(Stored items from a collection)
==============================
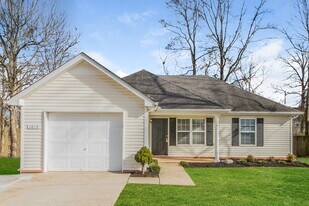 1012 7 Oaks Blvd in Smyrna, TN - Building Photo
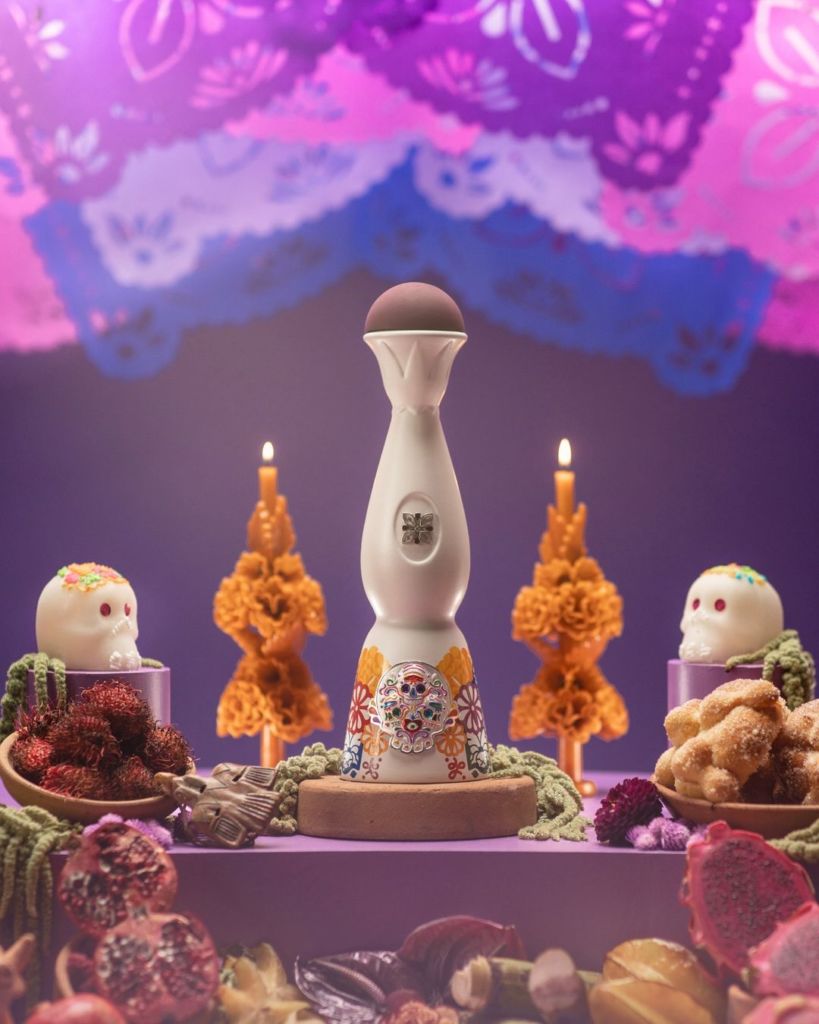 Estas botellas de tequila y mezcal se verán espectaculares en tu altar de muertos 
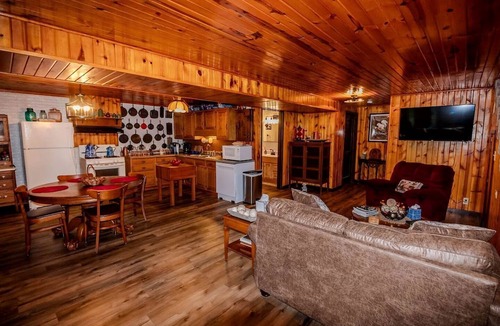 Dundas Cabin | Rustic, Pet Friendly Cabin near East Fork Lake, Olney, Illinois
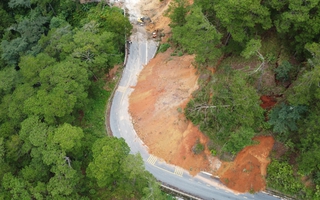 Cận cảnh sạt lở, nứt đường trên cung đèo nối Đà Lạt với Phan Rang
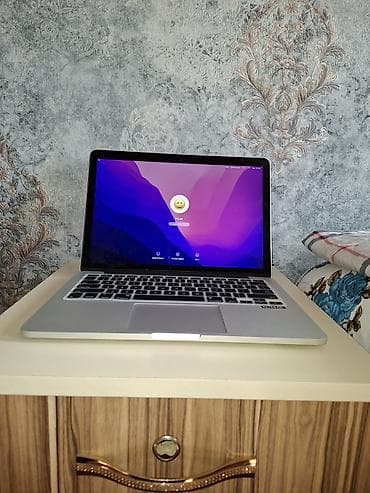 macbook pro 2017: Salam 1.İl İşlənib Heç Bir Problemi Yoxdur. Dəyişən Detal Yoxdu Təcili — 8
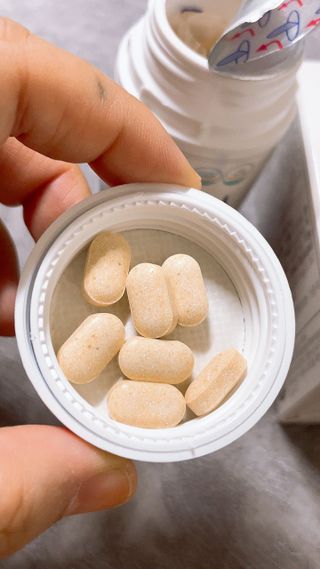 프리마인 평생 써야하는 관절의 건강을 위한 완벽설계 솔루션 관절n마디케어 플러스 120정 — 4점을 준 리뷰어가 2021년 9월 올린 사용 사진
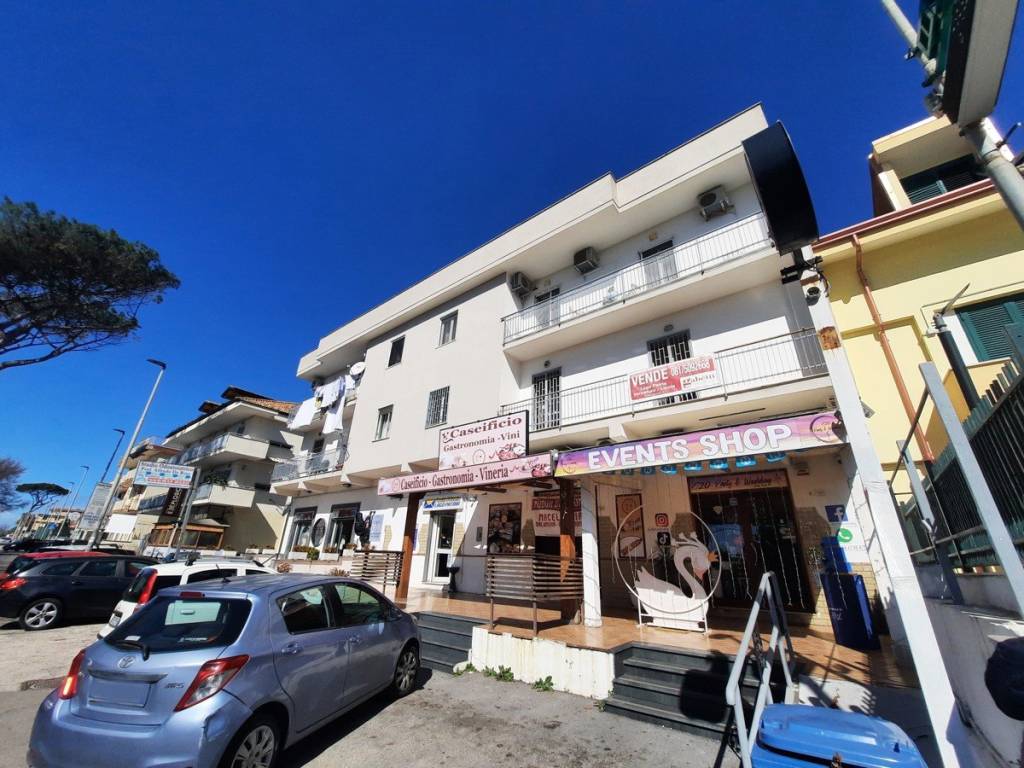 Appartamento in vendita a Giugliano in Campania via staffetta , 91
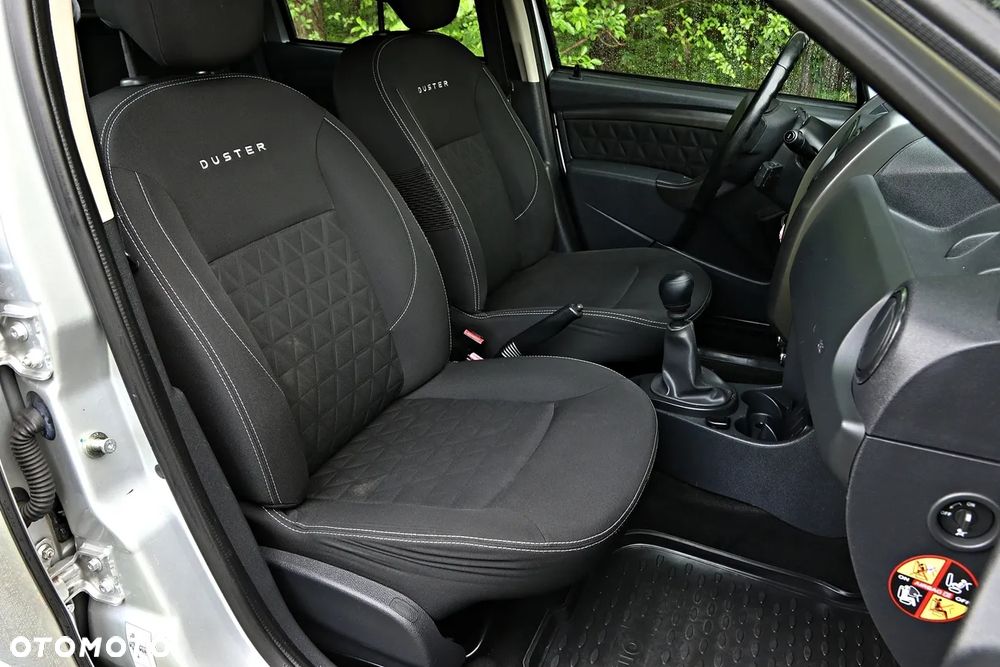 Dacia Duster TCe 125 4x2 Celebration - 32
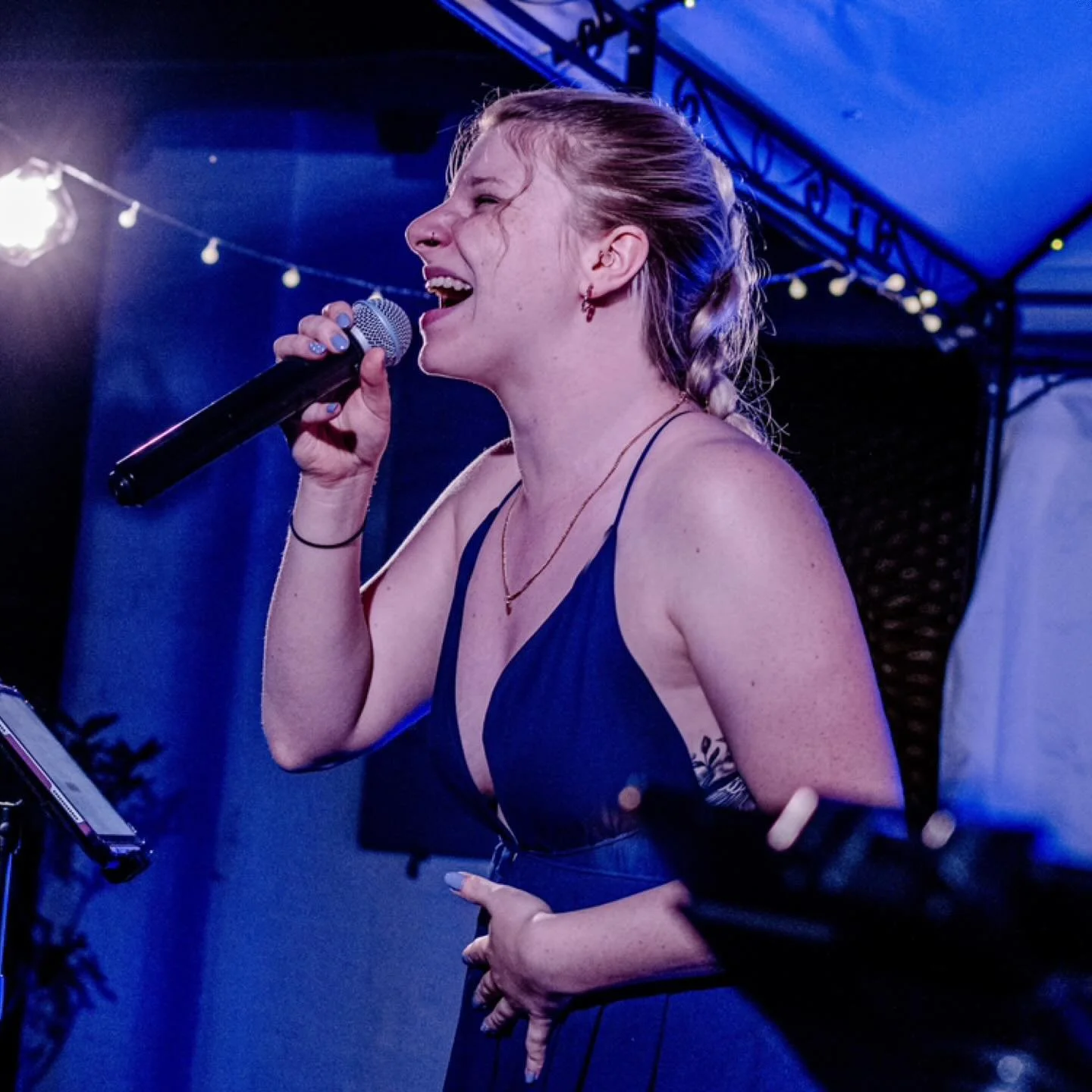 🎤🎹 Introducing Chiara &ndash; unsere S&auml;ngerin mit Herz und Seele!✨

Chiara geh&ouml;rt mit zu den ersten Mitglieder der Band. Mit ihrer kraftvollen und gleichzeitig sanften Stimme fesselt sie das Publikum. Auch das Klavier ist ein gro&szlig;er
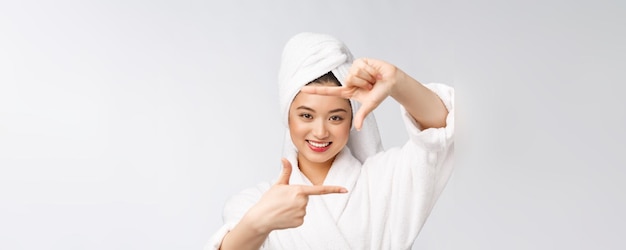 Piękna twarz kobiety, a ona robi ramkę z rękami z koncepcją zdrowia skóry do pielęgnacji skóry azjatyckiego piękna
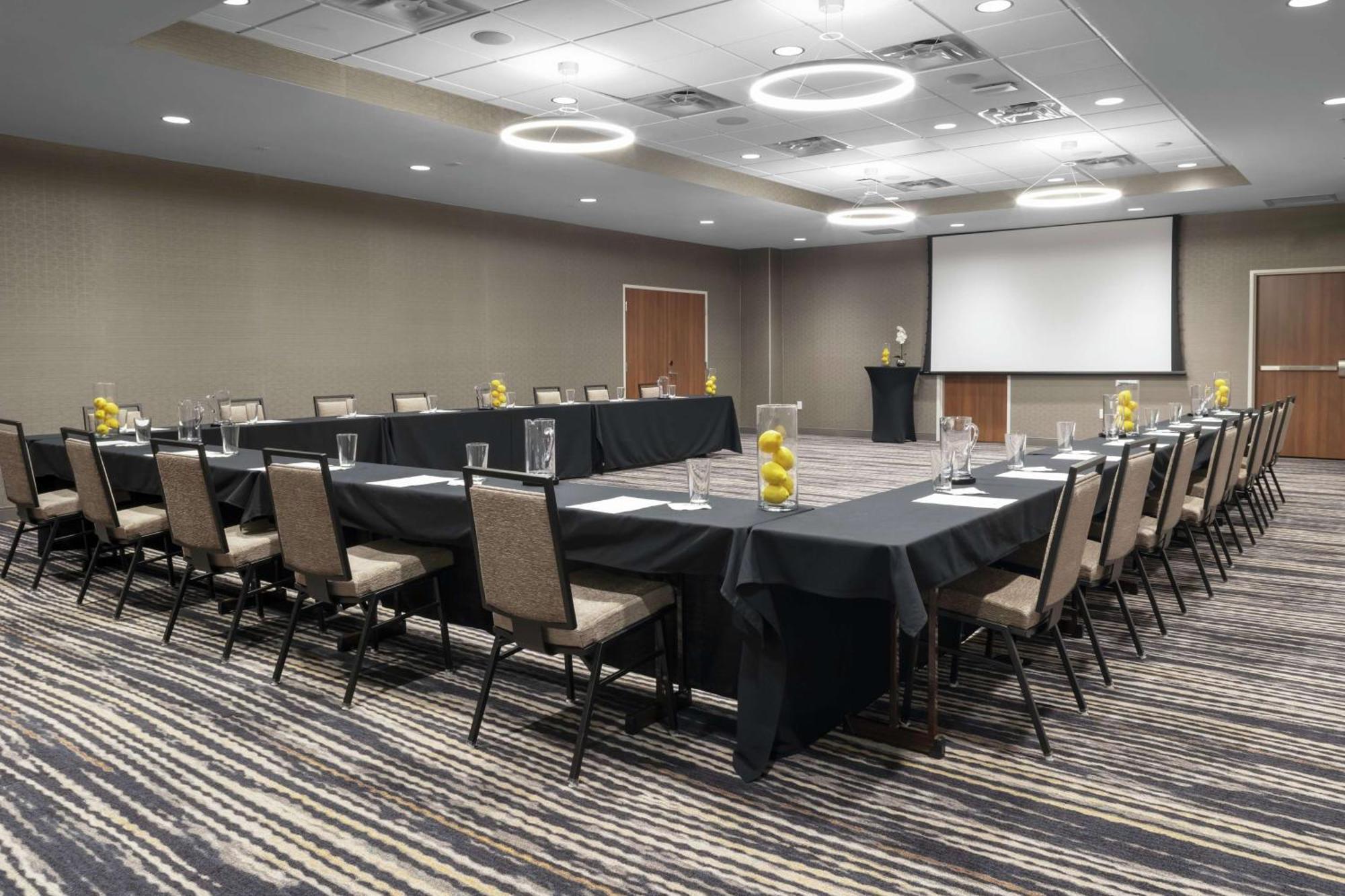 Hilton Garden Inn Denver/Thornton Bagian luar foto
==============================
§ **TASK OBJECTIVE**
The response must match the data line for line, from its first line through the line with "macbook pro 2017: Salam", inclusive, and must leave out the pictures.

§ **SOLUTION FOR THIS EXERCISE**
 1012 7 Oaks Blvd in Smyrna, TN - Building Photo
 Estas botellas de tequila y mezcal se verán espectaculares en tu altar de muertos 
 Dundas Cabin | Rustic, Pet Friendly Cabin near East Fork Lake, Olney, Illinois
 Cận cảnh sạt lở, nứt đường trên cung đèo nối Đà Lạt với Phan Rang
 macbook pro 2017: Salam 1.İl İşlənib Heç Bir Problemi Yoxdur. Dəyişən Detal Yoxdu Təcili — 8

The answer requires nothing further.